One of the biggest hurdles for transgender and gay politicians is keeping social issues from seeping into the debate on other topics, such as the economy, education and infrastructure.
The tactic taken by Danica Roem, a transgender woman who won her district primary for Virginia’s House of Delegates this past June, was to put economic issues on the table first and address social ones later, according to people familiar with her campaign. (Roem’s campaign manager would not comment on the details of her campaign for this story.)
“[Roem is] a historic candidate, but when she knocks on doors she talks to people about jobs and economic issues. When you’re working with a conflicted voter who’s perhaps not vehemently anti-LGBTQ, but isn’t quite 100 percent on board with LGBTQ concerns, those are the people that these trans candidates need to reach,” says Imse. “Meeting people on the issues at a human level, [like Danica did], just allows people to shine and break through.”

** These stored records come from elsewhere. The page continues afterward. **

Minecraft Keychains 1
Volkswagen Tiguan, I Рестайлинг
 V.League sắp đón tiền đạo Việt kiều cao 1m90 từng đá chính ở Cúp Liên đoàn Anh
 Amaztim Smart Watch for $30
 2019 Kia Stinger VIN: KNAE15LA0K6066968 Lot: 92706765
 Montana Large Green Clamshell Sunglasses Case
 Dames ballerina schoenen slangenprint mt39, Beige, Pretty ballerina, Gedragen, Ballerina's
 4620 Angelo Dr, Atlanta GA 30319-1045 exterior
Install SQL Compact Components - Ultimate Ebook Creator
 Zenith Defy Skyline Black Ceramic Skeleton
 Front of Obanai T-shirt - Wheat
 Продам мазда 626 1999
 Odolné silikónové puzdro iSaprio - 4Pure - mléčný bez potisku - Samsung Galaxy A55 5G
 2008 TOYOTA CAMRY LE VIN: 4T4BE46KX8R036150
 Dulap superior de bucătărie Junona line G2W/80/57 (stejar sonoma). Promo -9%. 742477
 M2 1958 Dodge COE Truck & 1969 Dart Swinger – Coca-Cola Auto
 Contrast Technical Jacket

Victory Fund, where Imse works, has been leading the effort since 1991 to get more LGBTQ candidates elected, providing campaign, fundraising and communications support. The organization primarily focuses on local and state elections to help combat anti-equality measures.
“We’re really seeing this political backlash against trans people, and trans folk won’t stand for it,” Imse says. “The reality is that trans people are deciding to step up and make lasting change.”